AIM OF THE TASK:
Please repeat the lines below, exactly and only, from the one that holds "14K Gold & Diamond Hamsa Necklace - 0.33ct" through the one that holds "Topwear|PINKO T-Shirt A".
(DATA LISTING Opens)
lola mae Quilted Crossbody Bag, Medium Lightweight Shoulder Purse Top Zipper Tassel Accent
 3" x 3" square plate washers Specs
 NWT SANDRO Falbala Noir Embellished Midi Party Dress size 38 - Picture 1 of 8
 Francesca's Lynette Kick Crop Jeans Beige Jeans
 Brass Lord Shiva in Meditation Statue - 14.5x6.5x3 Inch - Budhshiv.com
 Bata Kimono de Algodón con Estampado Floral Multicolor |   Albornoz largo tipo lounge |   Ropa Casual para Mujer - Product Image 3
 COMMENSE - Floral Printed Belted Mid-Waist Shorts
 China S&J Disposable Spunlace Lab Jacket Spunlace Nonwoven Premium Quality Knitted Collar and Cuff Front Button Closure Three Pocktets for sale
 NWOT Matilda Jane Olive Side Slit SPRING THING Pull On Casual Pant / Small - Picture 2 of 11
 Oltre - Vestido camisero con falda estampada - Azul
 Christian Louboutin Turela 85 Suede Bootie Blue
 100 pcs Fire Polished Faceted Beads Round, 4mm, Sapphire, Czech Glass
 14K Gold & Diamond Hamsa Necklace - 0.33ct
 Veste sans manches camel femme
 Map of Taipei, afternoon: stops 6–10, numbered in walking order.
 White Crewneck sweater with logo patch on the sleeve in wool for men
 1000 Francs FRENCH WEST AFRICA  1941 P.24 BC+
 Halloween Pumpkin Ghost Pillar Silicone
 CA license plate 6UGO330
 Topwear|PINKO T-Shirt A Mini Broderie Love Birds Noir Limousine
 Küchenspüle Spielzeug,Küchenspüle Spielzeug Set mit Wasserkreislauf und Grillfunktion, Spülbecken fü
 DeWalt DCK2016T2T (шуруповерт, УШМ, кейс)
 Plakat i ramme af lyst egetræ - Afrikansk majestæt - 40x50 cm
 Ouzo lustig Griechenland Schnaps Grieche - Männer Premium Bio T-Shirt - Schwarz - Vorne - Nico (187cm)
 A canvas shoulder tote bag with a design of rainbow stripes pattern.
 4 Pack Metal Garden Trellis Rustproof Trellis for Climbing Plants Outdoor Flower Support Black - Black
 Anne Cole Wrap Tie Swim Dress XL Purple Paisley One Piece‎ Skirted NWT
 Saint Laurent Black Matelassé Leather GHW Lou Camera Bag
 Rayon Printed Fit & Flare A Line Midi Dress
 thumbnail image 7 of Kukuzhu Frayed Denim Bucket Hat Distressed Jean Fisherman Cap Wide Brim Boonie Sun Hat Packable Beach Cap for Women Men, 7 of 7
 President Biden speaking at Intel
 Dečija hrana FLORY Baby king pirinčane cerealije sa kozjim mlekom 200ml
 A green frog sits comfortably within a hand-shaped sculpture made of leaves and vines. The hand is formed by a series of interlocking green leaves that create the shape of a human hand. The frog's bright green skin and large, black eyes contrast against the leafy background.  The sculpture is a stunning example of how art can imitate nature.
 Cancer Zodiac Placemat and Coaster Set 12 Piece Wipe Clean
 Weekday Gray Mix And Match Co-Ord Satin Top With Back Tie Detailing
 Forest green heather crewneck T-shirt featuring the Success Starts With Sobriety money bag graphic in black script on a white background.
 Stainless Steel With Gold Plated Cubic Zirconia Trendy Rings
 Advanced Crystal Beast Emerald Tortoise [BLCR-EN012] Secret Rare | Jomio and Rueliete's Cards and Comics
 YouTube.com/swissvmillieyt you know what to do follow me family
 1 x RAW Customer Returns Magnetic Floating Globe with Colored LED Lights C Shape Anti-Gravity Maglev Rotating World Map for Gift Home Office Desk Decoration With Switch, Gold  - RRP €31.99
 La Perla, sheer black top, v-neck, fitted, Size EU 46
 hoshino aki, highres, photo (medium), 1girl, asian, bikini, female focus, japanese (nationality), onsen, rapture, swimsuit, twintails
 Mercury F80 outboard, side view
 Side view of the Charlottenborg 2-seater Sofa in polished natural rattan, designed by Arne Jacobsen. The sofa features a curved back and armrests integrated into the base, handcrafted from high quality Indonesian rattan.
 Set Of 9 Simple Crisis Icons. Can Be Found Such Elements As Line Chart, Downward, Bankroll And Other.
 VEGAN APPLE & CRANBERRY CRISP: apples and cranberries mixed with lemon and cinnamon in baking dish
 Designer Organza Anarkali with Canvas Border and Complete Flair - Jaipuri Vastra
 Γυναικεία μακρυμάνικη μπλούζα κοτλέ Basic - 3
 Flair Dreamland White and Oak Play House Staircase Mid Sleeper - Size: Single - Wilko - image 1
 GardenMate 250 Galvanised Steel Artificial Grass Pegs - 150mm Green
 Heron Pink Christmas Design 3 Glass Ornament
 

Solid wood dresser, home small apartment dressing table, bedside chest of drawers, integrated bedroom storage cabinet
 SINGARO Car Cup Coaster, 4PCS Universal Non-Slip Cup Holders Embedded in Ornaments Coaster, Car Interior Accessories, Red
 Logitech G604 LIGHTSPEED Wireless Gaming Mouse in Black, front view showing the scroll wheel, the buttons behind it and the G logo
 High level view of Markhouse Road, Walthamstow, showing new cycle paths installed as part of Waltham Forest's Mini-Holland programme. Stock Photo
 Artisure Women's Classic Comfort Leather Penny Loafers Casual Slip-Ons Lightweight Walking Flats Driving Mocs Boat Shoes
(DATA LISTING Closes)
ANSWER BELOW:
 14K Gold & Diamond Hamsa Necklace - 0.33ct
 Veste sans manches camel femme
 Map of Taipei, afternoon: stops 6–10, numbered in walking order.
 White Crewneck sweater with logo patch on the sleeve in wool for men
 1000 Francs FRENCH WEST AFRICA  1941 P.24 BC+
 Halloween Pumpkin Ghost Pillar Silicone
 CA license plate 6UGO330
 Topwear|PINKO T-Shirt A Mini Broderie Love Birds Noir Limousine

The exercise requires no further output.